The idea comes from Yann's remark that we can see Huffman decoder as a special case of tANS decoder - when symbols are spread in ranges of 2^k size.

So what if we get rid of the "q=2^k" restriction and use q_s ~ L*p_s quantization for sizes of symbol ranges instead - you can test it in the last version of toolkit.

Unfortunately dH does not decrease to 0 with L as previously - it stops at a comparable rate as Huffman (usually better, but sometimes slightly worse).

What is interesting about this spreading in ranges is thatit allows to further simplify coding - to single addition and renormalization.

In rANS we have used:

p[s] ~ q[s]/M quantization (M divides L, both are a power of 2)

encoding:

C(s,x) = M floor(x / q[s]) + mod(x , q[s]) + B[s]

where B[s] = q[0] + ... + q[s-1]

decoding:

s = s(x mod M)

D(x) = (s, q[s] floor(x / M) + mod(x , M) - B[s])

where s is such B[s] <= mod(x , M) < B[s+1]

and we need normalization to return to x in I = {L,..., bL-1} range.

Let us choose M=L, b=2 degenerate rANS case.

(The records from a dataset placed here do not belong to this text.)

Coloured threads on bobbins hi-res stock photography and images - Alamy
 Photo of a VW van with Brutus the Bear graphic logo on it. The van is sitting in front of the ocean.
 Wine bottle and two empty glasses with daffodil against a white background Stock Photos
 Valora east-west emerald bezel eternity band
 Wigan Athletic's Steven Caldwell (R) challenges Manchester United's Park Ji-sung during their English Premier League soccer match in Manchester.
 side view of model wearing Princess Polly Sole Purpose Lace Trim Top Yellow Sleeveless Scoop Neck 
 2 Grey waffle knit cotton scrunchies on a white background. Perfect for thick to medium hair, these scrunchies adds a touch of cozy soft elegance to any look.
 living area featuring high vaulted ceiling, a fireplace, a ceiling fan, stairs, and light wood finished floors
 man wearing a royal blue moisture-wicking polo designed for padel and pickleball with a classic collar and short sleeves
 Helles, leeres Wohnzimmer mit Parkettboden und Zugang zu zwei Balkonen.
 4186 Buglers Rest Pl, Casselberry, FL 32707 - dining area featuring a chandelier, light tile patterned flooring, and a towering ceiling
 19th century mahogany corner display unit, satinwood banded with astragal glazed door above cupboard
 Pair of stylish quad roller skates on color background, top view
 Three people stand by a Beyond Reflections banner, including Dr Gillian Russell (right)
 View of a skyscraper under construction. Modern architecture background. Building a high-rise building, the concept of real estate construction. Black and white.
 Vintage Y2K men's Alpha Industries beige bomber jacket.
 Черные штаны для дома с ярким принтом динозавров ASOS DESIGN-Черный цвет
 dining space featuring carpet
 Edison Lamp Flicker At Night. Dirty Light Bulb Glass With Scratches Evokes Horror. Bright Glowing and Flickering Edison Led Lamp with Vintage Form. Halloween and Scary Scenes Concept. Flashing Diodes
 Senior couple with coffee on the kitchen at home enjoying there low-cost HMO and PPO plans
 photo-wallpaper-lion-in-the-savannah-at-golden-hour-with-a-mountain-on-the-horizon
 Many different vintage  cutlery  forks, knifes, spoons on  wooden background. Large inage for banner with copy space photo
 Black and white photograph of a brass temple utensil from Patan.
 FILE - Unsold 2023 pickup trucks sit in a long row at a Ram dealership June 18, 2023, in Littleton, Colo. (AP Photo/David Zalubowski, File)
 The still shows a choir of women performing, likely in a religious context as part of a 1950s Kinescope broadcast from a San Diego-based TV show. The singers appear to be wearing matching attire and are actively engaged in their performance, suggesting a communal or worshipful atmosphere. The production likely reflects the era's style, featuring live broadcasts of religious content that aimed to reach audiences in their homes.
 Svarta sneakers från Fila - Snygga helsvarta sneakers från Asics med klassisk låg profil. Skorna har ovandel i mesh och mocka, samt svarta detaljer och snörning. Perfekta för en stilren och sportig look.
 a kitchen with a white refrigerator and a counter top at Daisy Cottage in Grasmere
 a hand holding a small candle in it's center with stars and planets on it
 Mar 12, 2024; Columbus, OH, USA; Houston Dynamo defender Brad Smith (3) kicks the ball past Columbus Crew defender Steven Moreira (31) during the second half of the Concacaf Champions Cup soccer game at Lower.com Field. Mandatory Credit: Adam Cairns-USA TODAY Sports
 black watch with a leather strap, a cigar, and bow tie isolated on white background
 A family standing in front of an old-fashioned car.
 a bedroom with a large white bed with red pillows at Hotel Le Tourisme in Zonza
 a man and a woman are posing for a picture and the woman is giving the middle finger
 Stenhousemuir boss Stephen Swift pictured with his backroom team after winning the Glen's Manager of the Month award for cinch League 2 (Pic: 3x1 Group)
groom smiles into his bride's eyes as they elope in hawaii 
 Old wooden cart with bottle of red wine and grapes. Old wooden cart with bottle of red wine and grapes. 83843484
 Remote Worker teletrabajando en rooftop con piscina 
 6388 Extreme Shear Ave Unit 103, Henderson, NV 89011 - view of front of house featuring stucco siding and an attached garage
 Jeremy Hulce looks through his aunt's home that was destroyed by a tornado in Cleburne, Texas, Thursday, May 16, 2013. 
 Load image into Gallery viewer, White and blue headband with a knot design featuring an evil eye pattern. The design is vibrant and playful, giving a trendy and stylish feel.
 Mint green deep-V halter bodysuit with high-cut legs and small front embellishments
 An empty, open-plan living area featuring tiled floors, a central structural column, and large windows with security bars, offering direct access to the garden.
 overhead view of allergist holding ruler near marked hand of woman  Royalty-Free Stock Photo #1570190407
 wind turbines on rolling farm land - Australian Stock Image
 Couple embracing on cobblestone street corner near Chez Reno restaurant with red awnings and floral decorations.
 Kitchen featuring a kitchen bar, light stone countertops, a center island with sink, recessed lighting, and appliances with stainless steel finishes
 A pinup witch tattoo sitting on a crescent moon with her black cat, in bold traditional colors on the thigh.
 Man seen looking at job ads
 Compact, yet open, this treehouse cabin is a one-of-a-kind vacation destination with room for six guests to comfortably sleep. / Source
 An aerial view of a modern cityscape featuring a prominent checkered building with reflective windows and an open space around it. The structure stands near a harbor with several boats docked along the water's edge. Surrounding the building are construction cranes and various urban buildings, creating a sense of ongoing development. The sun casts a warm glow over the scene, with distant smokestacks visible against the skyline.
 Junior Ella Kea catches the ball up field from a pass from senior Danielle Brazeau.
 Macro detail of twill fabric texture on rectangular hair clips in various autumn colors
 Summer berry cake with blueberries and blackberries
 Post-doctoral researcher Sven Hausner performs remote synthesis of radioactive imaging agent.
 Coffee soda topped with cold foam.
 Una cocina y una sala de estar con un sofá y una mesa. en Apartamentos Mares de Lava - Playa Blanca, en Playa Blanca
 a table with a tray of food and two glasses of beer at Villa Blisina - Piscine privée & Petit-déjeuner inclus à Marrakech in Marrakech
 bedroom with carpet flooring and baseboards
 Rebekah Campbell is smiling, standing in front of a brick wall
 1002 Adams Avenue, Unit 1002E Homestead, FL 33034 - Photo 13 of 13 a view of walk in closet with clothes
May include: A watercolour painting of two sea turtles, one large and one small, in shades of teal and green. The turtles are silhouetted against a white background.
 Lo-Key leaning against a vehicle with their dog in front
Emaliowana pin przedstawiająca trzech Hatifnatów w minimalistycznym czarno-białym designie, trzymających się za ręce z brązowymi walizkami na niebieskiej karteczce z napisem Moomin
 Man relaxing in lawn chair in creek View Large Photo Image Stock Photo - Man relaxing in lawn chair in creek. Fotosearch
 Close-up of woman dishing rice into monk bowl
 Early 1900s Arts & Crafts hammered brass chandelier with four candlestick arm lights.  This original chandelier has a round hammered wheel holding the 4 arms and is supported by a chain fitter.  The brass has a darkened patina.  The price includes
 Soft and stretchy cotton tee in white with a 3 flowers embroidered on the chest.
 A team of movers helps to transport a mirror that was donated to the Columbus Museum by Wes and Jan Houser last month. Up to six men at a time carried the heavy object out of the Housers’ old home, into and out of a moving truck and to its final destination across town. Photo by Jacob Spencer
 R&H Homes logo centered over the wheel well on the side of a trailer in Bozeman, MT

Equivalently, take tANS, b=2. Use quantization to L denominator:

p[s] ~ q[s]/L

This time L=M can be chosen as any number, making quantization trivial, e.g. q[s]=round(2^R * p[s]) and then L=sum_s q[s].

Now spread tANS symbols in ranges: symbol s in {B[s], ..., B[s+1]-1} positions

where B[s] = L + q[0] + ... + q[s-1] (larger by L this time)

x is in I = {L , ... , 2L-1} range, symbol s encodes from {q[s], ..., 2q[s] - 1} range

decoding step is

s = s(x); // like for rANS, different approaches possible

x = q[s] + x - B[s]; // the proper decoding step

while (x<L) x = x<<1 + "bit from stream"; // renormalization

encoding s:

while (x >= 2q[s]) {produce(x&1); x >>=1;} // renormalization

x = B[s] + x - q[s]; // the proper coding step

We get kind of extension of Huffman concept (it would be Huffman when all q are powers of 2) -with trivial quantization (instead of costly tree building) andusually slightly better rate (due to using more accurate probabilities).

It should be slightly faster than rANS at cost of slightly worse compression rate (comparable to Huffman) - possible SIMD or single step renormalization using CountLeadingZeros operation - maybe it could be useful for some ultrafast e.g. texture compression?

Obviously it can be simplified by storing B[s] - q[s].

dH depends on frequency order, but it is not a simple dependence (to work out).

Any good name for this Huffman-like variant? (hANS?)

Any more of interesting variants ... ?

------------------------------------

Example:For q[0]=1, q[1]=3, L=M=4, I={4,5,6,7}, the first position corresponds to '0', the other three to '1'

B[0]=L=4, B[1]=L+q[0]=5

B[0]-q[0]=3, B[1]-q[1]=2

Now from state x=4 we decode to symbol 0, new x = 4 - 3 = 1, then you read 2 bits to get back to I

From state 5,6,7 we decode to symbol 1, new x-=2 is 3,4,5, the renormalization reads 1 (for 3) or 0 (for 4,5) bits to get back to I.

Encoding is opposite: first you renormalize to get correspondingly to {1} or {3,4,5} range, then add correspondingly 3 or 2.